▶ Exercise material:
▬▬▬▬▬▬▬▬▬▬

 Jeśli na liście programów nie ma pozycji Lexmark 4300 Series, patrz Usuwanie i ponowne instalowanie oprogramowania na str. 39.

▬▬▬▬▬▬▬▬▬▬

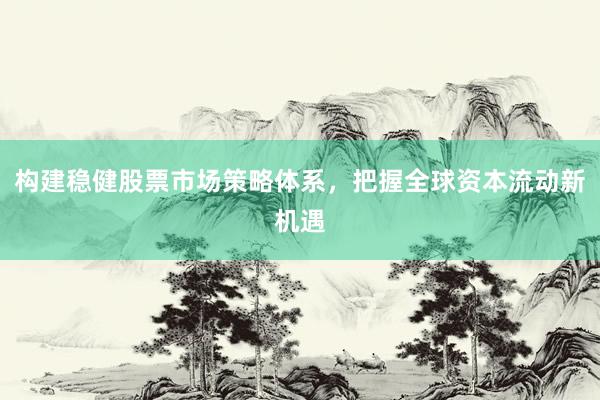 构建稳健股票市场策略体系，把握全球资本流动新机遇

▬▬▬▬▬▬▬▬▬▬

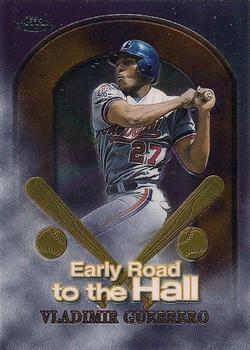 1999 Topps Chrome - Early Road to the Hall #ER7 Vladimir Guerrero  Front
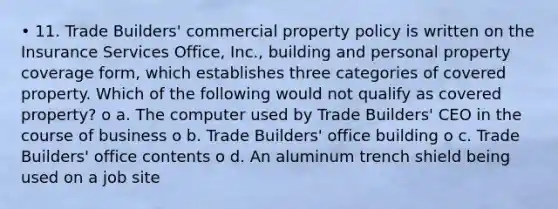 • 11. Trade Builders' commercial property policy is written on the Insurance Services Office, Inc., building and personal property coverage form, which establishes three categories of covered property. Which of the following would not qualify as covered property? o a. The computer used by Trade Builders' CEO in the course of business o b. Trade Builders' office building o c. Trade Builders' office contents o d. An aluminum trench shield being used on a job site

▬▬▬▬▬▬▬▬▬▬

▶ What is needed:
Please repeat the lines of the material above exactly, starting with the line that contains "1999 Topps Chrome" and ending with the line that contains "on a job site". Leave the pictures out.

▶ Expected answer:
 1999 Topps Chrome - Early Road to the Hall #ER7 Vladimir Guerrero  Front
 • 11. Trade Builders' commercial property policy is written on the Insurance Services Office, Inc., building and personal property coverage form, which establishes three categories of covered property. Which of the following would not qualify as covered property? o a. The computer used by Trade Builders' CEO in the course of business o b. Trade Builders' office building o c. Trade Builders' office contents o d. An aluminum trench shield being used on a job site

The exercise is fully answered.